Further afield, architecture phenom Bjarke Ingels has been not so quietly exploring the social possibilities of medium to high density housing, putting forth several compelling projects that reinvent what it is to live densely. The ‘8 House’ or ‘the Mountain’ in Copenhagen make strides toward embedding a high concentration of people into a strong community. The latter directly addresses an issue that is frequently at the fore of the ‘Australian Dream’ argument; the yard. With apartments perched on a sloping hill, each apartment is given its own sizable courtyard while the slope helps to maintain privacy. While the ‘8 House’ implements a slowly ascending walking and cycling loop that allows each apartment to be situated on a ‘street’. The efficacy of these methods for our purposes can be called into question, as these apartments have been known to sell for up to a million euros. However they provide fertile ground for the exploration of spatial arrangement in housing as a social catalyst.

 

Adelaide doesn’t have a Nightingale yet, and it will be considerable amount of time before it has a ‘mountain’, but the rapid densification of Bowden has seen signs of innovative offerings. A wander through the precinct will reveal a consideration for circulation paths and indoor / outdoor relationships that begin to tackle the issues that Adelaidians have raised with medium density.

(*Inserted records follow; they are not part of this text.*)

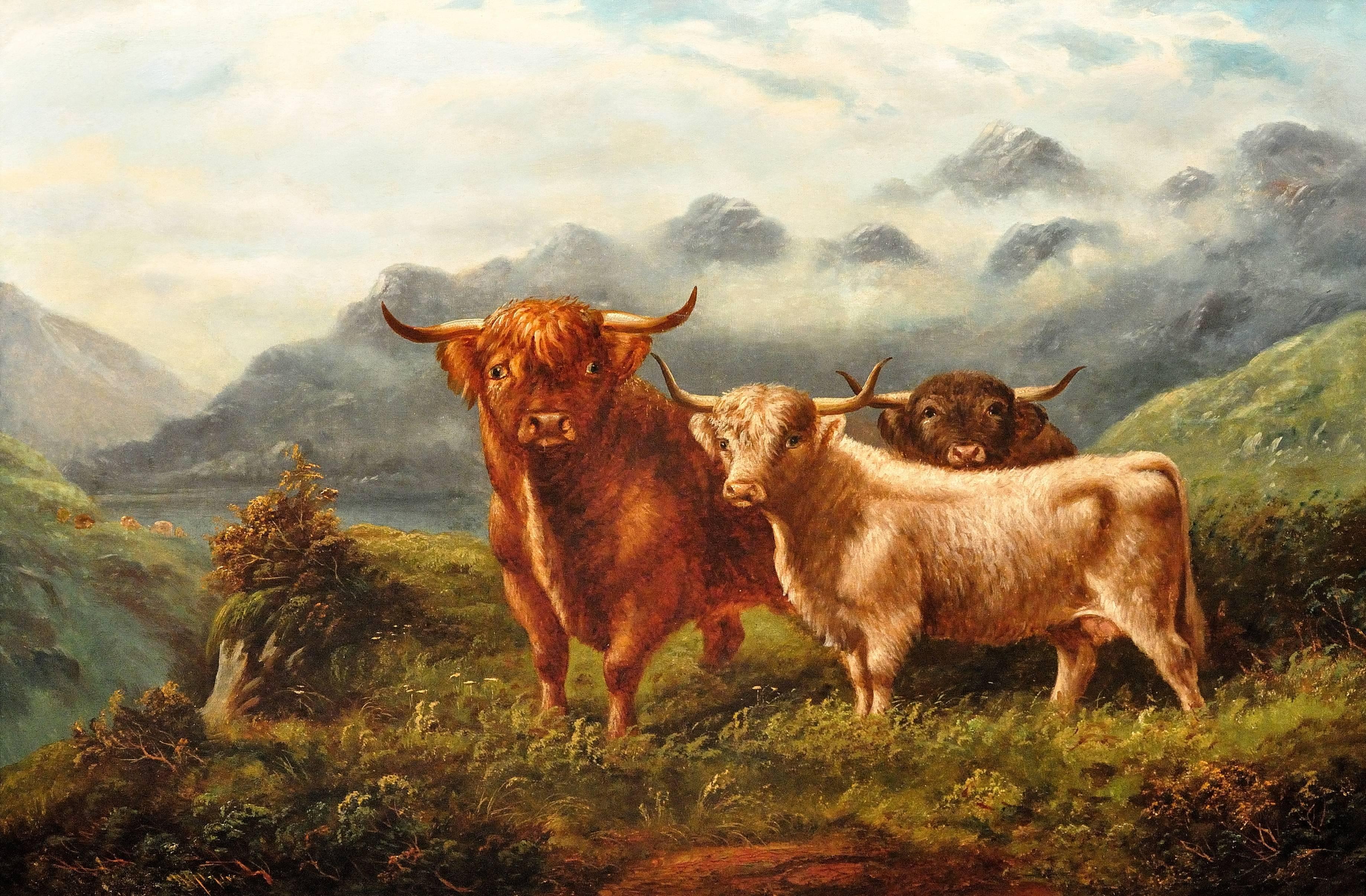 Highland cattle, in the Glens, Scotland - Painting by William James Smith Crampton
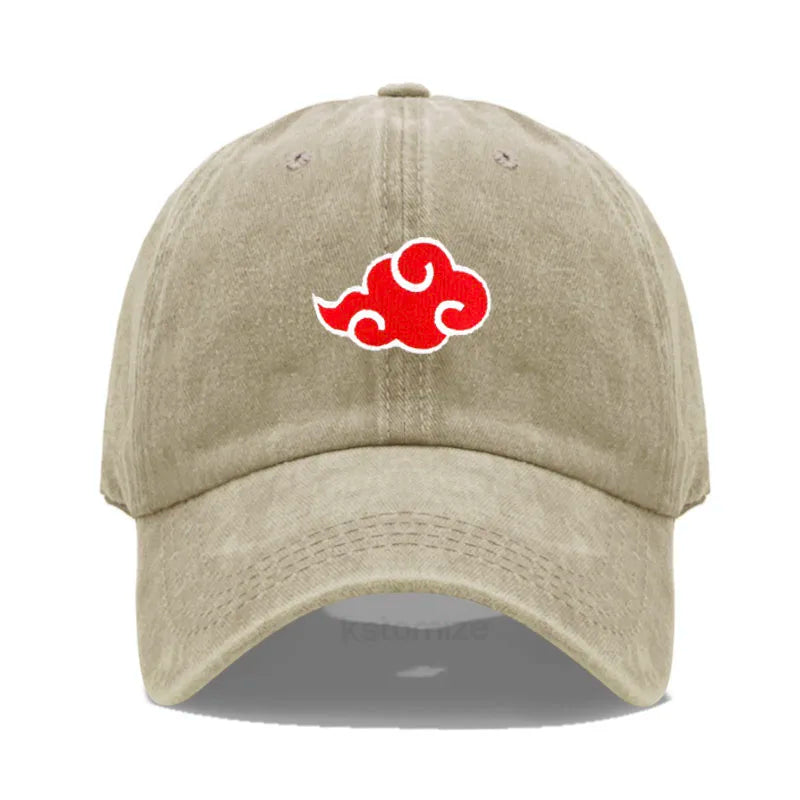 Anime Embroidered Baseball Cap NARUTO Cotton Cap Japanese Akatsuki Logo&nbsp; Embroidery Baseball Caps Black Snapback Hat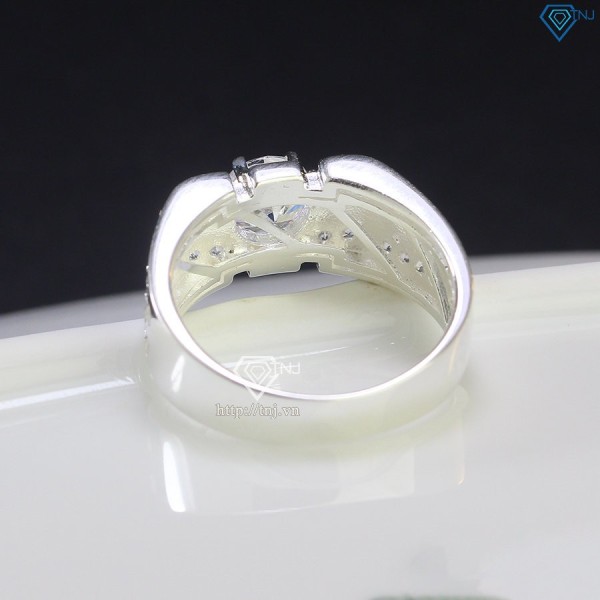 Nhẫn bạc nam bản nhỏ đính đá NNA0525- Trang sức TNJ
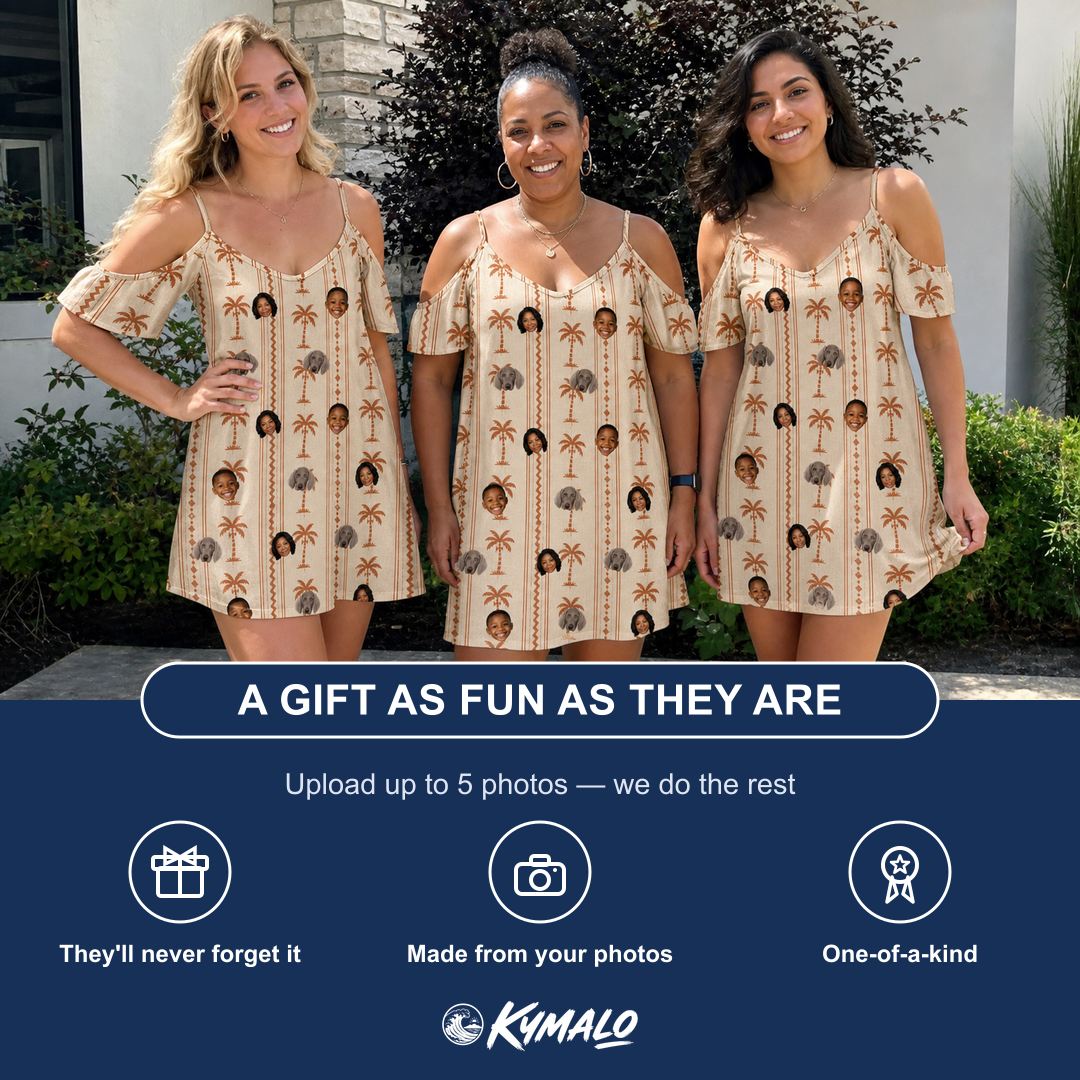 Friends in matching Women's Orchid Oasis Custom Face Off-Shoulder Dress — a group gift photo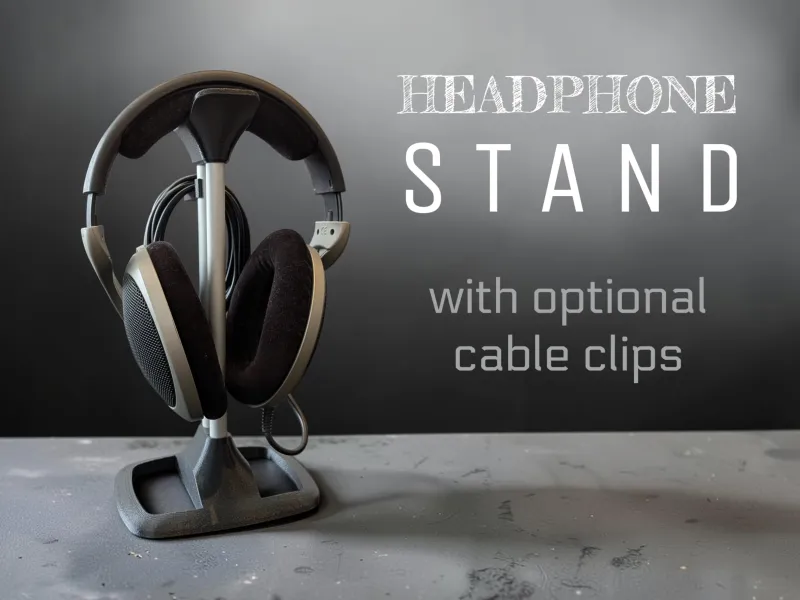 Headphone Stand with optional cable clips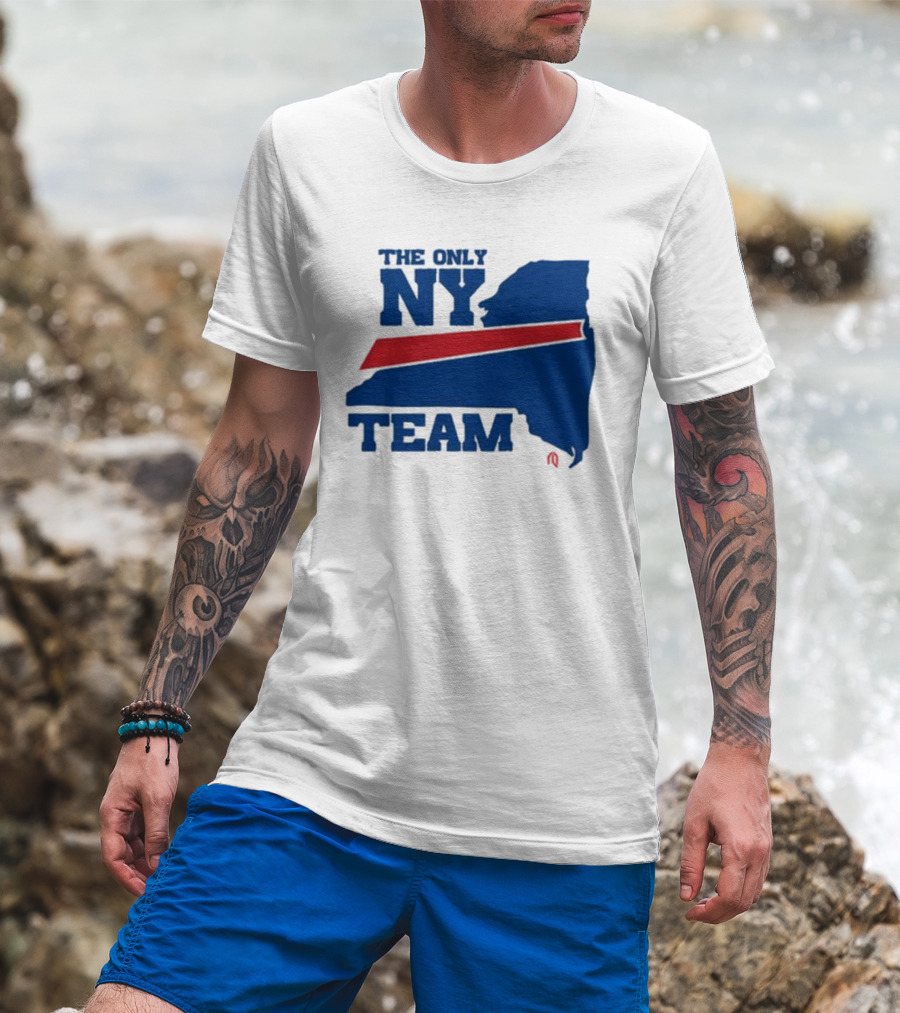The Only NY Team New York State Silhouette Red Stripe T-Shirt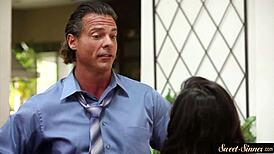 Gorgeous stepdaughter poses in various positions for roleplay movie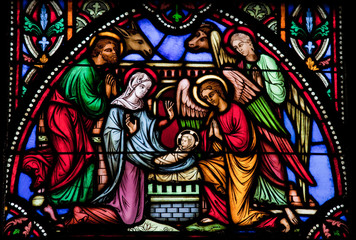 Nativity Scene - Stained glass window - 43813818
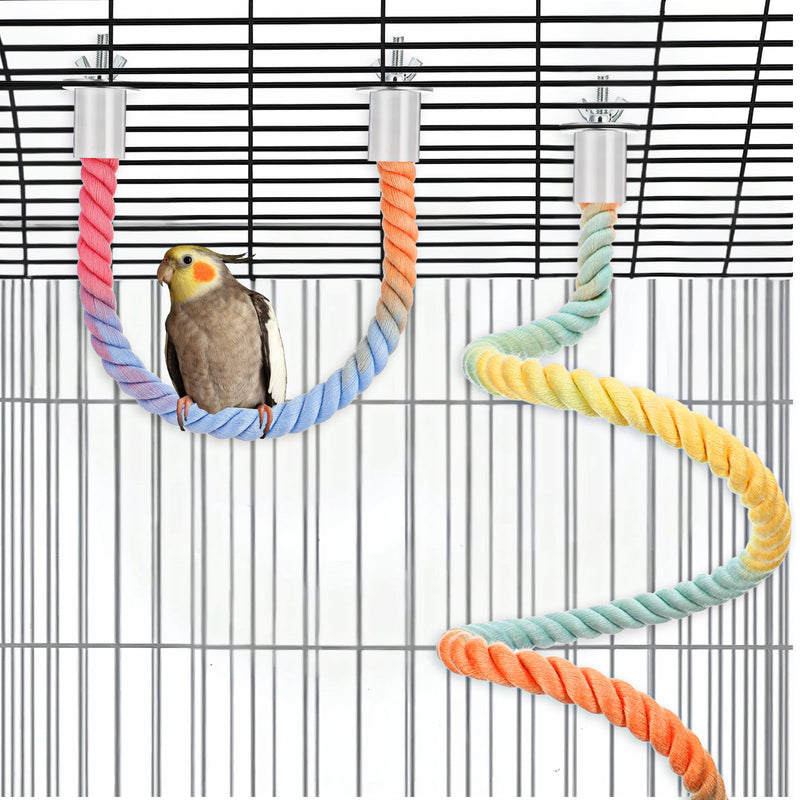 4 Packs Gradient Bendable Bird Rope Perches, Parrot Bird Perch Rope Stand for Cage Climbing Rope Toys Cotton Swing Climbing Rope Standing Bungee Toy for Parakeet Lovebirds Cockatiels Budgies
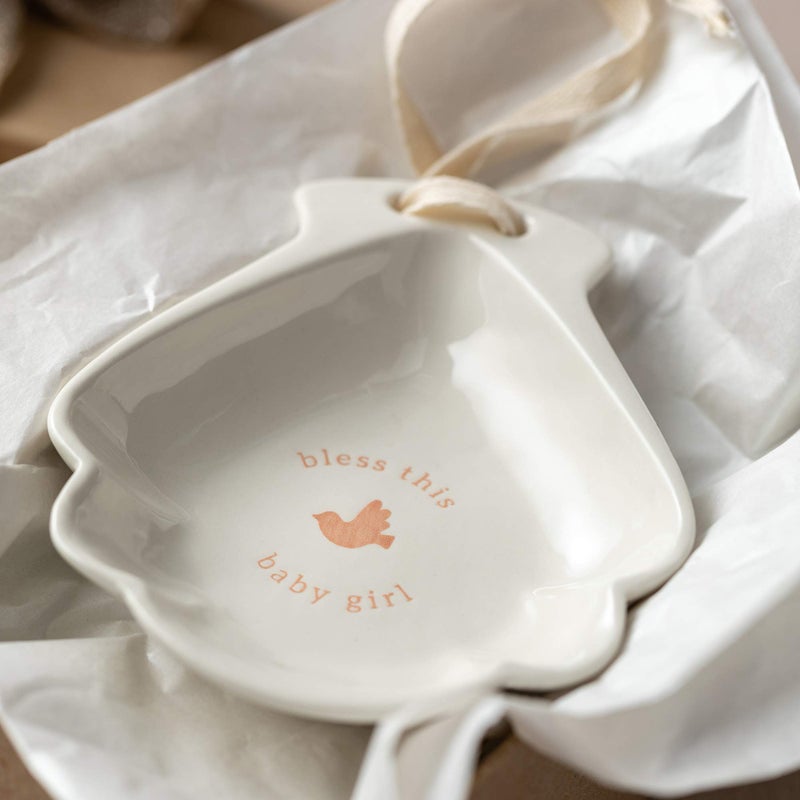 DEMDACO Bless This Baby Girl Glossy White 5 x 4 Ceramic Stoneware Baptism Bowl - Image 4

While its strategy of introducing smaller developments leading into larger ones certainly helps to ease us into the idea of apartment living.

 

Housing is expensive, and brunch is delicious, but with a focus on well-designed, medium density urban infill, Australian cities can become healthier, more sustainable and (most pertinently) more affordable.
 


1. Piketty, T & Goldhammer, A 2014, Capital in the twenty-first century, The Belknap Press of Harvard University Press, Cambridge Massachusetts.